Actually no, scrap that last point. Whately arguably does get closer to who the flesh and blood David Jones really was than anyone has previously, largely thanks to securing interviews with an elusive cousin and a just as elusive first love. These two charming women, speaking to camera about Bowie for the first time, gave us a glimpse of the boy and the young man as a playful but deeply insecure individual motivated by an overriding need for fame and escape from his oppressive suburban home (pictured above, David Jones circa 1965).
Cousin Kristina Amadeus recalls young Master Jones regularly amusing her by donning a flowerpot to mimic The Flower Pot Men (a popular children’s TV series at the time). And ballet dancer and girlfriend Hermione Farthingale rather telling describes the man she fell in love with within five minutes of meeting him as looking about eight years old: "I had to keep reminding myself he was actually twenty-one." She enigmatically concludes, "But he wasn’t lost, he just wasn’t found either."

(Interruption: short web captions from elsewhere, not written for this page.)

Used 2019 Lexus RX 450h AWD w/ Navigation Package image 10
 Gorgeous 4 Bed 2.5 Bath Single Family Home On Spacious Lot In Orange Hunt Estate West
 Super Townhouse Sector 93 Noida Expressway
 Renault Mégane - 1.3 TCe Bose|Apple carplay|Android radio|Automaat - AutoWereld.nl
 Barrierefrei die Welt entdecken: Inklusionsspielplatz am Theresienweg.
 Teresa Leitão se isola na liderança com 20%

But what of the music? Well, seeing Carlos Alomar play the riff from “The Laughing Gnome” was a laugh. But such fripperies aside, we were guided through DB’s pre-fame period – 11 years and nine separate bands – by a whole host of reliable witnesses. The documentary goes right up until Ziggy descended from the stars to save both us and David himself. Or as producer Tony Visconti so succinctly puts it: "He was the first rock star to take on a different identity. He was Ziggy Stardust by David Bowie." Friends, artists and musicians – including Woody Woodmansey, Rick Wakeman, Mike Vernon and Lindsey Kemp – speak affectionately of The Man Who Wanted the World but hadn’t yet quite worked out how to get it (pictured below, Bowie in a bubble, photographed by Tony Visconti).
Yes, there are a couple of curious omissions. His 1969 landlady and lover Mary Finnigan could have been invited to reminisce about the Beckenham Arts Lab period (maybe she was, maybe she declined). And surely someone could have been found to talk about Bowie’s decidedly uncomfortable first meeting with Warhol (I recall Bowie at some juncture shaping it into an amusingly self-effacing anecdote which must be somewhere in the archives). But such trainspotter-ish quibbles aside, Whately should be extremely pleased with the picture he has managed to assemble from a jigsaw puzzle with at least half the pieces missing.
Even an expected dearth of film footage from 1964 to 1970 didn’t present any problems in the end. Whately simply keeps the screen busy with quick edits, juddering onscreen text, the layering of multiple images and various other visual devices, sometimes even going as far as to use a more "distressed" version of a clip (the 1973 Russell Harty interview for instance) to make it sit better texturally with the surrounding Super 8 footage and faded photographs. The end result is a hypnotic, multilayered work that’s never self-indulgent and always completely engaging. David Bowie: Finding Fame could stand alone as a perfect introduction to the thin white enigma. In fact it may even be the best of this admirable trilogy. It’s certainly the most touching.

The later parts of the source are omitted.